Insofar as Huli cosmography appears to be composed of “hydraulic” flows of power, it is modeled upon more mundane conceptions of flow in daily forms of exchange. 13 Accounts of the regulation of rivers by iba tiri spirits take their cue from the quotidian practices of Huli gardeners. One of the principal activities of men in relation to agricultural subsistence is the maintenance of a balance in the supply of water to their gardens, channeling excess rainfall or swamp waters away while carefully ponding water around their plots of moisture-loving taro. Men also conceive a social role for themselves as controllers of the flows of women and wealth.
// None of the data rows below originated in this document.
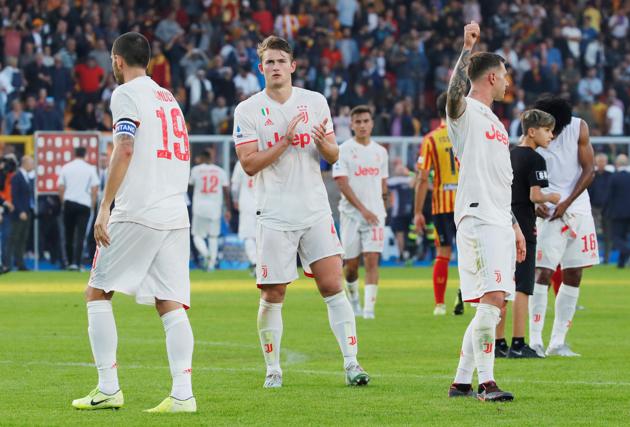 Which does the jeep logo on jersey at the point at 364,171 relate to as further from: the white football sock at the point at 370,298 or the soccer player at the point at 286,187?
the soccer player at the point at 286,187

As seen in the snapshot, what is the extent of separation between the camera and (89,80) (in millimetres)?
33125

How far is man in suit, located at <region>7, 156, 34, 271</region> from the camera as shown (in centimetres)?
2936

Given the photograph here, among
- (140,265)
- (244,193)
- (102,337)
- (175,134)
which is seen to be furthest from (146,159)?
(244,193)

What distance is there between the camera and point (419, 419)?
866cm

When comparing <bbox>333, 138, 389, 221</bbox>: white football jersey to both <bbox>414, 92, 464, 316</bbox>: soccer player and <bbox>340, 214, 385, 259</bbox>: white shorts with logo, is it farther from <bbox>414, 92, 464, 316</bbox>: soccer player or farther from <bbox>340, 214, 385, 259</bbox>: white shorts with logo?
<bbox>414, 92, 464, 316</bbox>: soccer player

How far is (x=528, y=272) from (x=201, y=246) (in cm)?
1821

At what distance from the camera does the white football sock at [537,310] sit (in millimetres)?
13070

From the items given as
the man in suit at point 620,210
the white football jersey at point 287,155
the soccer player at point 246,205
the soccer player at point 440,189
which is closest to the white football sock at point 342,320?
the white football jersey at point 287,155

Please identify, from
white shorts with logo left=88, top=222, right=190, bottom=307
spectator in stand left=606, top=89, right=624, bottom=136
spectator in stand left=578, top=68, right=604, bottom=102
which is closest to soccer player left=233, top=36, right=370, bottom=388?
white shorts with logo left=88, top=222, right=190, bottom=307

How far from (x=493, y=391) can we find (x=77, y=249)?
21.3 meters

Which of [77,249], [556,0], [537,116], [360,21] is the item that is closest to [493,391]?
[537,116]

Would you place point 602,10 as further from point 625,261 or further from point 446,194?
→ point 446,194

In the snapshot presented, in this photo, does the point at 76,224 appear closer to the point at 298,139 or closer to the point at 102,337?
the point at 298,139

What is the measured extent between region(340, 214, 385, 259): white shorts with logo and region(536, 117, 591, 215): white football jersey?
4.78m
The minutiae of daily existence and the arcane details of cosmology find echoes in each other, and it is small surprise to find that the concept of mana, of the role for ancestral knowledge in the practice and control of the flow of social life, is seated foundationally in the basic structure of the cosmos.
The Root of the Earth
The core expression of fluid fertility in the Huli cosmos is dindi pongone (“earth”-“knot, root”), the root of the earth. Goldman (1983) and Frankel (1986) have outlined much of what is documented about dindi pongone, which can briefly be described as a root or a vine that runs beneath the earth, consisting of a python (puya) bound around with cane (gewa) and capped by a layer of stone. Where it surfaces, the stone cap of the root becomes visible in the form of outcrops of rock, within which caves are identified as mouths of the python. Each of these surface indications of the presence of the root is regarded as a major ritual site (gebeanda), and the names of these sites and of the ritual leaders (gebeali) associated with them are common knowledge. Crucially, the direction identified for the flow of the root of the earth reverses the regional pattern of surface drainage toward the south (Frankel 1986: 19-23; Ballard 1994). Instead, the root of the earth flows upward from the Papuan Plateau, to the south and west, toward the Enga and the Ipili in the north and east. In some places, the root travels underground; in others, it enters river channels and flows upstream within the visible river. Running against the current of time, against the southerly passage of the life cycle, the root of the earth represents a fundamentally antientropic flow.
In the context of Huli cosmology, the root of the earth functions as the ultimate source and repository of all fertile substance, providing fertile fluid (ibane) to the land and the people. However, the root is itself subject to entropic decline, constituting a cosmic barometer of the morality of human agency, and conse quently requiring the intervention of humans in the form of repeated acts of ritual replenishment. Usually, replenishment of the root took the form of “earth spell” (dindi gamu) rituals, during which gourds of mineral oil and tree oil were poured within caves at the gebeanda ritual sites; in the more complex forms of the dindi baya baya fertility rite (Ballard, in press). performed at the sites of Gelote and Bebenite, it was the menstrual blood of younger women, the blood taken from the cut fingers of young boys or the blood and fatty “grease” of substituted pigs that symbolized the replenishment of the fertile core of the Huli cosmos.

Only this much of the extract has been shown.